Rivayete göre, Hz. Ebû Zer [radıyallahu anh] daha müslüman olmadan hakikati aramaya başlamış ve Peygamber Efendimiz’i [sallallahu aleyhi vesellem] görmeden üç yıl önce kabilesinin putlarını reddederek namaz kılmıştı. Şöyle anlatır: “Dedim ki: ‘Allah Resûlü’nü görmeden üç yıl önce namaz kıldım.’ ‘Kimin için?’ diye sordular. ‘Allah için’ dedim. ‘Yüzünü hangi tarafa çeviriyordun?’ dediler. Dedim ki: ‘Hangi yana dönsem Allah’ı görüyordum.’”

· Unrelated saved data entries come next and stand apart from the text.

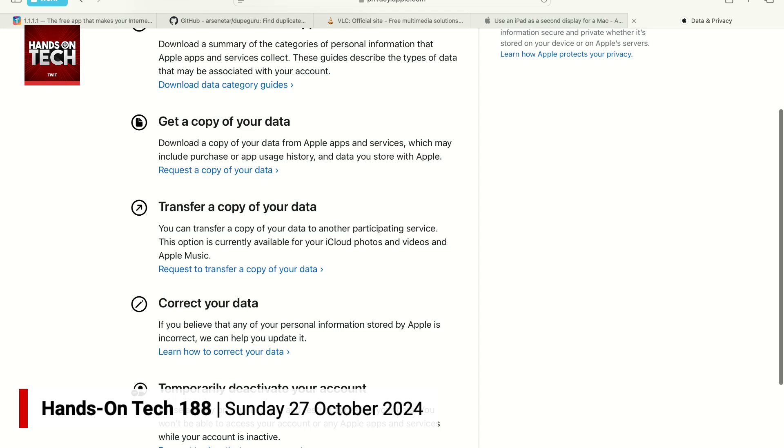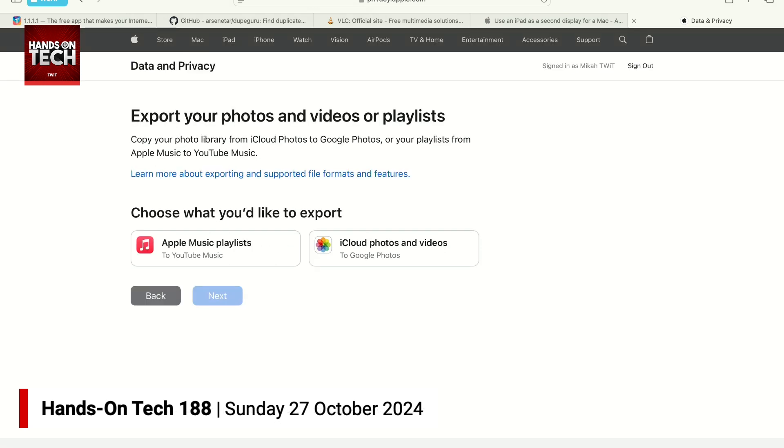You're probably familiar with Google Takeout, right? Google Takeout is the personal way of taking your data and moving it to another platform. But there are also data portability tools available that you can use to move data between different accounts, including by going to privacy.apple.com — logging in and then using the tool called 'transfer a copy of your data.' When you do this, it will work with a participating service, like moving your Apple Music playlists to YouTube Music or your iCloud photos to Google Photos.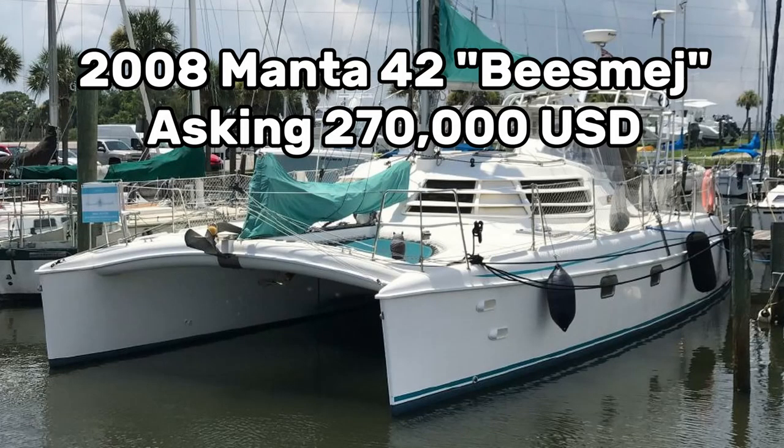Coming up second, we have a 2008 Manta 42 lying in Satellite Beach, Florida by the name of Vesmij. Manta, as you know, were only built in owner version. They're a bit more old school, more performance-oriented, but they have a really, really great reputation among the people that own them. Definitely interesting boats.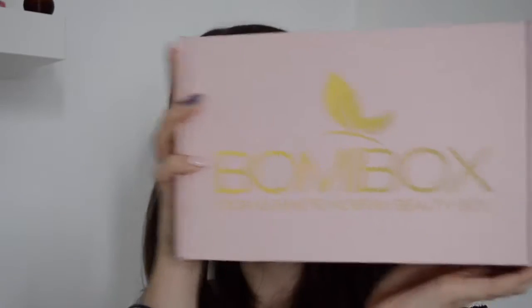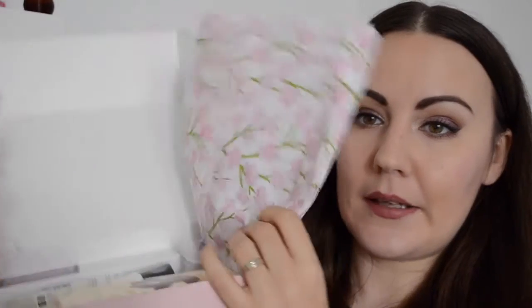Hey guys, welcome back to my channel! Today I'm here with my first Bumpy Box. It contains always at least 8 full-size products, and everything is Korean green skincare and beauty items. It comes with this kind of card that says 'I deserve to feel beautiful,' and in the background you can see all the items. It comes with nice tissue paper and everything is nicely packaged too.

Samimiyetle gerçeği arayan kişi, bu arayışın onu götüreceği yeri anlar, bulduğunda ise sımsıkı bağlanır. Mekke’de müslüman olan Ebû Zer [radıyallahu anh] soluğu Kâbe’de aldı ve şöyle haykırmaya başladı: “Kureyşliler! Allah’ın birliğine, Muhammed’in elçiliğine iman ediyorum!”
Bunun üzerine Kureyş ahalisi hemen tekme tokat onu dövmeye başladılar. Hz. Abbas [radıyallahu anh] gelerek onu kurtardı. Fakat ertesi gün yine aynı aşkla Kureyş ulularının içine dalan Hz. Ebû Zer, hakikati haykırmaya, İslâm’ı anlatmaya devam etti. Kureyşliler onu yine dövdüler, Hz. Abbas yine kurtardı.